____ Provided material

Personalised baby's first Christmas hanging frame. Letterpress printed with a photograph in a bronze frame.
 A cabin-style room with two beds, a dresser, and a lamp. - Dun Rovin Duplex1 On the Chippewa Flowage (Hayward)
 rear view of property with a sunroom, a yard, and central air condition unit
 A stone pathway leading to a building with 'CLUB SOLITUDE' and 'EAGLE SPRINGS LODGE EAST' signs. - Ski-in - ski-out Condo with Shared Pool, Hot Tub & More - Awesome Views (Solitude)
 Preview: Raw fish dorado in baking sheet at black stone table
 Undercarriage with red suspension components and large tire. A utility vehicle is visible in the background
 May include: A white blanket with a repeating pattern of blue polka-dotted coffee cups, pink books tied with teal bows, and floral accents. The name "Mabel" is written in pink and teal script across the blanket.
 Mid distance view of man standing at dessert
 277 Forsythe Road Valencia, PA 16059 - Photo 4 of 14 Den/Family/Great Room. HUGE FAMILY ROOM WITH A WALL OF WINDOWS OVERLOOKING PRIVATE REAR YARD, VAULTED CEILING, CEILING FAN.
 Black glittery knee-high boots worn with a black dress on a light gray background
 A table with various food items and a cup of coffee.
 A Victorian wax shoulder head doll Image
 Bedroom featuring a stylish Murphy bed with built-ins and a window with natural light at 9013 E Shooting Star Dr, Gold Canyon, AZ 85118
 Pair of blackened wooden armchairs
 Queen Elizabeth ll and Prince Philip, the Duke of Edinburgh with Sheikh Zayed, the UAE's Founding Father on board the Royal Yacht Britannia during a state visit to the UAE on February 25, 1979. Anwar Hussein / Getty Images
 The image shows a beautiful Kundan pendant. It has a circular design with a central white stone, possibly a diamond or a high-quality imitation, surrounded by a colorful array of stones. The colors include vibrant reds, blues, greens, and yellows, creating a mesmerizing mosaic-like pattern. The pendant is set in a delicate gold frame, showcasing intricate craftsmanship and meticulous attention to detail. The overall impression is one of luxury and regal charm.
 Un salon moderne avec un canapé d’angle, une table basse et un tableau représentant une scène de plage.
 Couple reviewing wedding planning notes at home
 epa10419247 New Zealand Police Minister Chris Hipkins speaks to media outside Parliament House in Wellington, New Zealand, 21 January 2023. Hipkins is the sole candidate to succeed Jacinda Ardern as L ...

________

● **What the task asks**
Your task is to transcribe all of the entries word for word.

● **Problem solution**
Personalised baby's first Christmas hanging frame. Letterpress printed with a photograph in a bronze frame.
 A cabin-style room with two beds, a dresser, and a lamp. - Dun Rovin Duplex1 On the Chippewa Flowage (Hayward)
 rear view of property with a sunroom, a yard, and central air condition unit
 A stone pathway leading to a building with 'CLUB SOLITUDE' and 'EAGLE SPRINGS LODGE EAST' signs. - Ski-in - ski-out Condo with Shared Pool, Hot Tub & More - Awesome Views (Solitude)
 Preview: Raw fish dorado in baking sheet at black stone table
 Undercarriage with red suspension components and large tire. A utility vehicle is visible in the background
 May include: A white blanket with a repeating pattern of blue polka-dotted coffee cups, pink books tied with teal bows, and floral accents. The name "Mabel" is written in pink and teal script across the blanket.
 Mid distance view of man standing at dessert
 277 Forsythe Road Valencia, PA 16059 - Photo 4 of 14 Den/Family/Great Room. HUGE FAMILY ROOM WITH A WALL OF WINDOWS OVERLOOKING PRIVATE REAR YARD, VAULTED CEILING, CEILING FAN.
 Black glittery knee-high boots worn with a black dress on a light gray background
 A table with various food items and a cup of coffee.
 A Victorian wax shoulder head doll Image
 Bedroom featuring a stylish Murphy bed with built-ins and a window with natural light at 9013 E Shooting Star Dr, Gold Canyon, AZ 85118
 Pair of blackened wooden armchairs
 Queen Elizabeth ll and Prince Philip, the Duke of Edinburgh with Sheikh Zayed, the UAE's Founding Father on board the Royal Yacht Britannia during a state visit to the UAE on February 25, 1979. Anwar Hussein / Getty Images
 The image shows a beautiful Kundan pendant. It has a circular design with a central white stone, possibly a diamond or a high-quality imitation, surrounded by a colorful array of stones. The colors include vibrant reds, blues, greens, and yellows, creating a mesmerizing mosaic-like pattern. The pendant is set in a delicate gold frame, showcasing intricate craftsmanship and meticulous attention to detail. The overall impression is one of luxury and regal charm.
 Un salon moderne avec un canapé d’angle, une table basse et un tableau représentant une scène de plage.
 Couple reviewing wedding planning notes at home
 epa10419247 New Zealand Police Minister Chris Hipkins speaks to media outside Parliament House in Wellington, New Zealand, 21 January 2023. Hipkins is the sole candidate to succeed Jacinda Ardern as L ...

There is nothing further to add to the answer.